- Country: Spain
- Location: Alvarado, Badajoz
- Coordinates: 38°49′37″N 6°49′34″W﻿ / ﻿38.8269°N 6.8261°W
- Status: Operational
- Commission date: July 2009
- Owner: ContourGlobal

Solar farm
- Type: CSP
- CSP technology: Parabolic trough
- Collectors: 768
- Total collector area: 352,854 square metres (3,798,090 sq ft)
- Site resource: 2,174 kWh/m^{2}/yr

Thermal power station
- Secondary fuel: Natural gas (backup)
- Site area: 135 hectares (330 acres)

Power generation
- Nameplate capacity: 50 MW
- Annual net output: 105.2 GW·h

= Alvarado I =

Solar thermal power station in Spain

Alvarado I (former La Risca project) is a large solar thermal power station in Alvarado, province of Badajoz, in Extremadura, Spain. Construction on the plant commenced in December 2007 and was completed in July 2009, when commercial operations began. Built by the Spanish company Acciona Energy, it has an installed capacity of 50 MWe and lays next to the La Florida solar thermal power station.
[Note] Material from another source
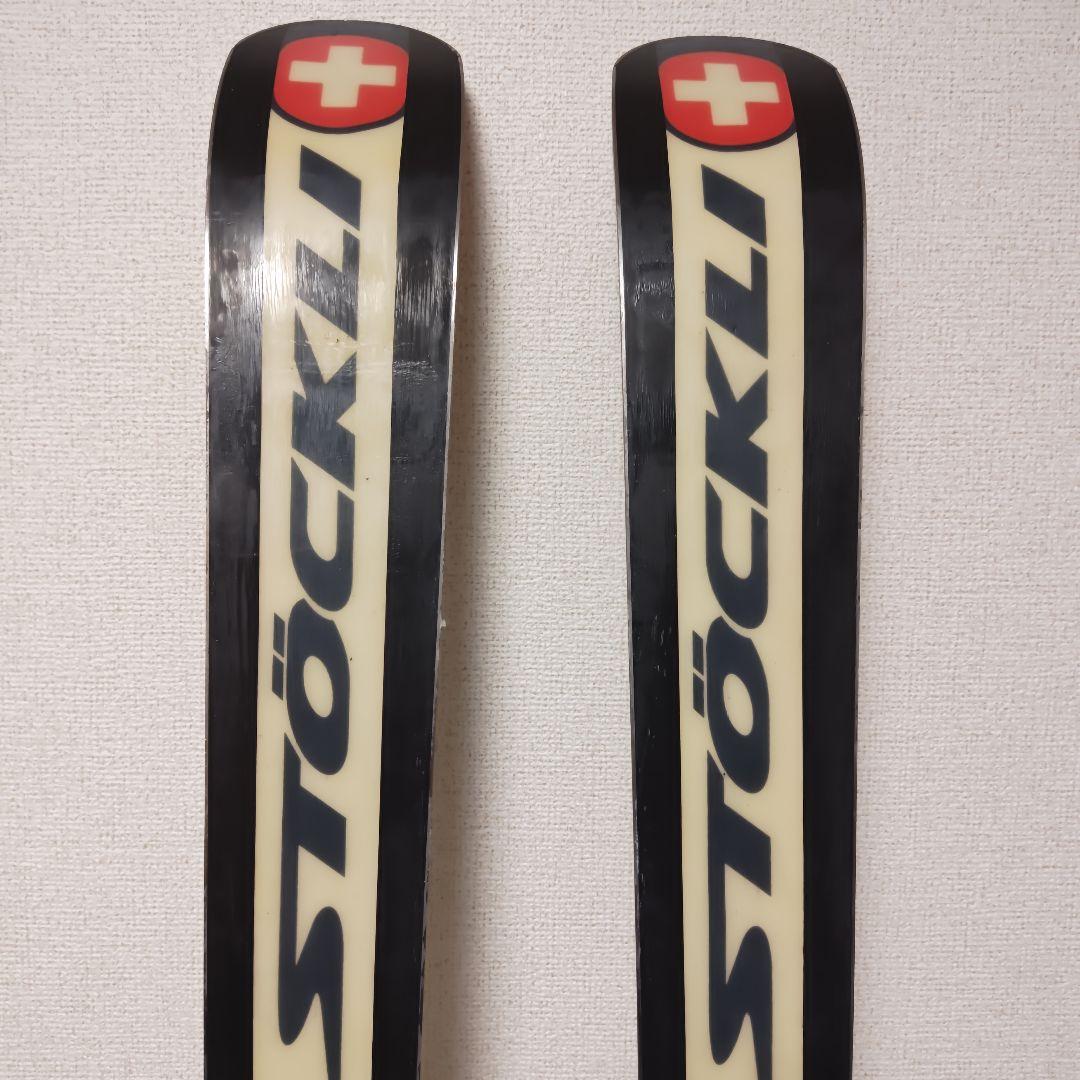 STÖCKLI Laser GS 185cm R27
The facility is built on a 1 km2 site with a solar resource of 2,174 KWh/m^{2}/year, producing an estimated 105,200 MWh of electricity per year (an average power of 12 MW). The plant uses parabolic trough technology, and is made up of 768 solar thermal collectors, with an output temperature of 393 C, transferred with Biphenyl and Diphenyl oxide heat transfer agents.

A second 50 MWe facility, Alvarado II, is currently on the proposal stage. It is planned to be constructed in the same area as Alvarado I.